+++ RECORDS TO PROCESS

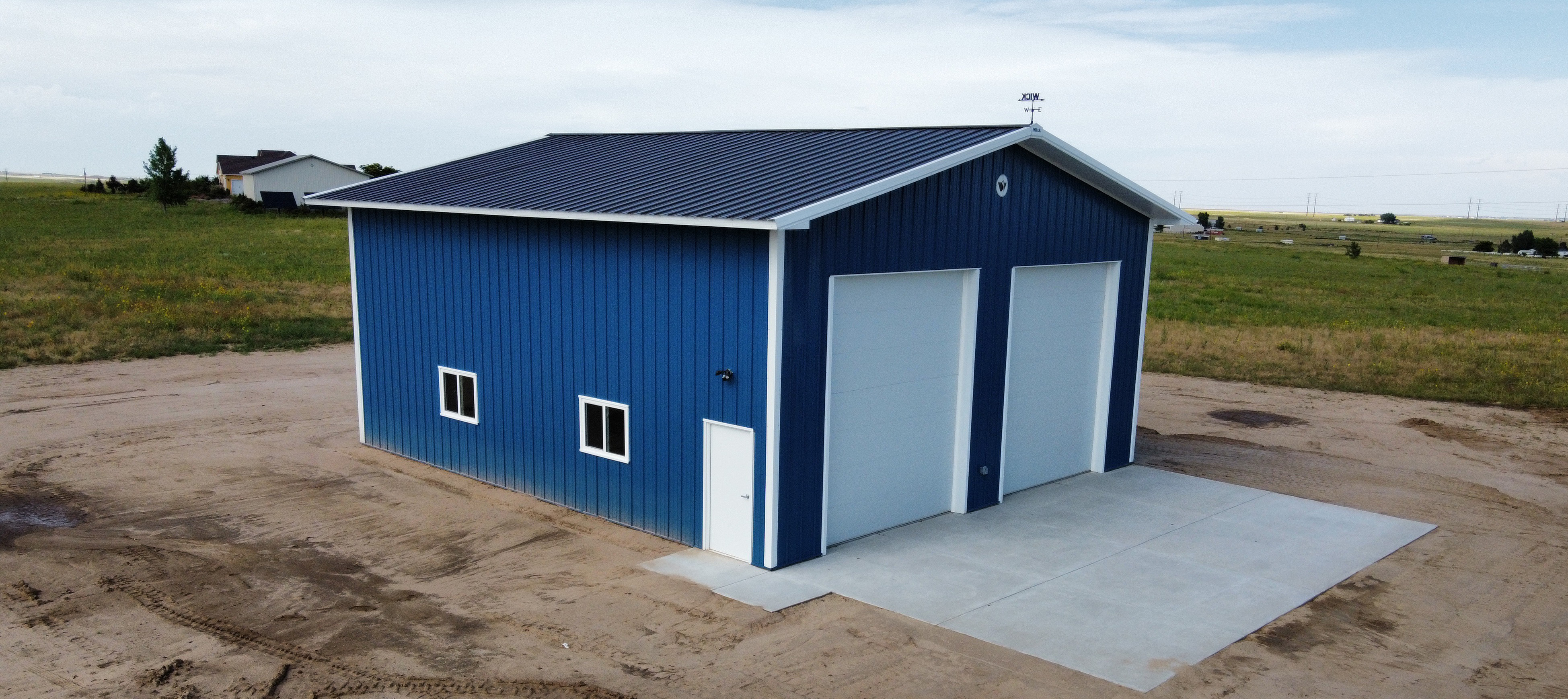 Blue post frame suburban building with white trim and two large, white garage doors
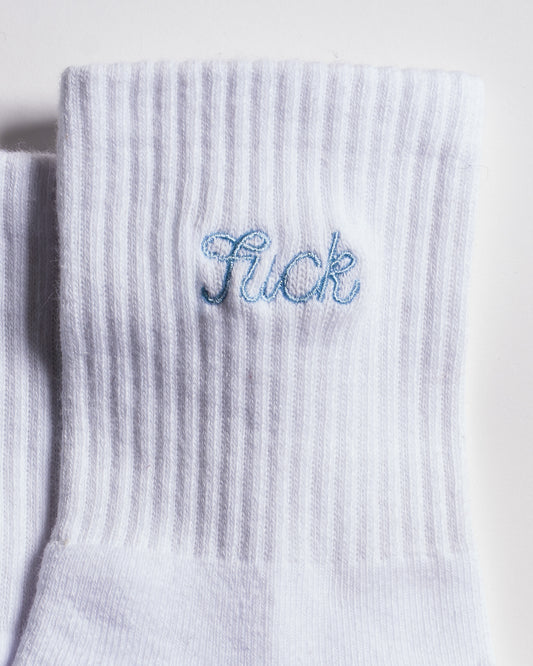 The Pardon My French Grip Sock (Baby Blue) by Revel Athletic features a white ribbed design with “Sick” embroidered in light blue near the cuff, making it perfect as Pilates or barre grip socks for your next studio session.
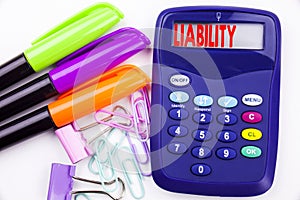 Writing word Liability text in the office with surroundings such as marker, pen writing on calculator. Business concept for Accoun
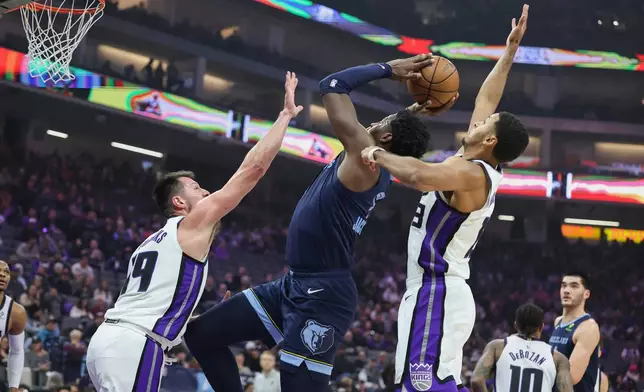 Memphis Grizzlies forward Jaren Jackson Jr., center, attempts to go up for a shot with Sacramento Kings center Drew Eubanks, left, and forward Keegan Murray, right, defending during the first half of an NBA basketball game Sunday, Nov. 30, 2025, in Sacramento, Calif. (AP Photo/Sara Nevis)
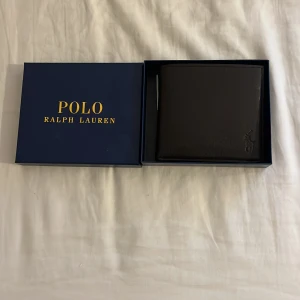 Brun plånbok från Polo Ralph Lauren - Snygg brun plånbok från Polo Ralph Lauren i skinn. Den har flera kortfack och en myntficka med knapp. Kommer i en elegant blå förpackning med guldfärgad text.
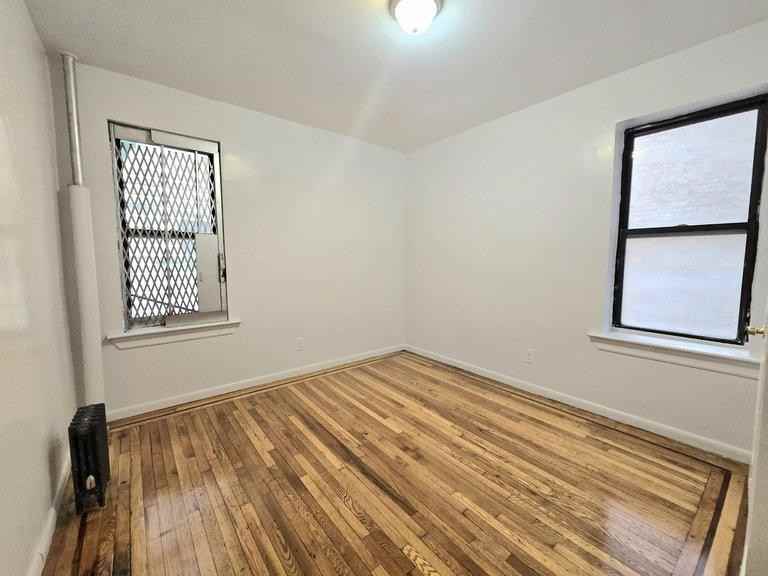 1115 Jerome Ave - Photo 4 of 5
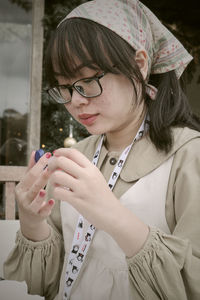 Portrait of young woman using mobile phone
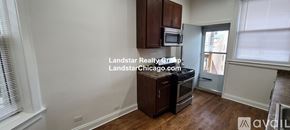 Chicago apartment for rent - A kitchen with wooden cabinets and a stainless steel oven.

++++++

REQUIREMENT:
The copy must include every record exactly and none of the pictures.

RESPONSE TO THE EXERCISE:
 Blue post frame suburban building with white trim and two large, white garage doors
 The Pardon My French Grip Sock (Baby Blue) by Revel Athletic features a white ribbed design with “Sick” embroidered in light blue near the cuff, making it perfect as Pilates or barre grip socks for your next studio session.
 Writing word Liability text in the office with surroundings such as marker, pen writing on calculator. Business concept for Accoun
 Memphis Grizzlies forward Jaren Jackson Jr., center, attempts to go up for a shot with Sacramento Kings center Drew Eubanks, left, and forward Keegan Murray, right, defending during the first half of an NBA basketball game Sunday, Nov. 30, 2025, in Sacramento, Calif. (AP Photo/Sara Nevis)
 Brun plånbok från Polo Ralph Lauren - Snygg brun plånbok från Polo Ralph Lauren i skinn. Den har flera kortfack och en myntficka med knapp. Kommer i en elegant blå förpackning med guldfärgad text.
 1115 Jerome Ave - Photo 4 of 5
 Portrait of young woman using mobile phone
 Chicago apartment for rent - A kitchen with wooden cabinets and a stainless steel oven.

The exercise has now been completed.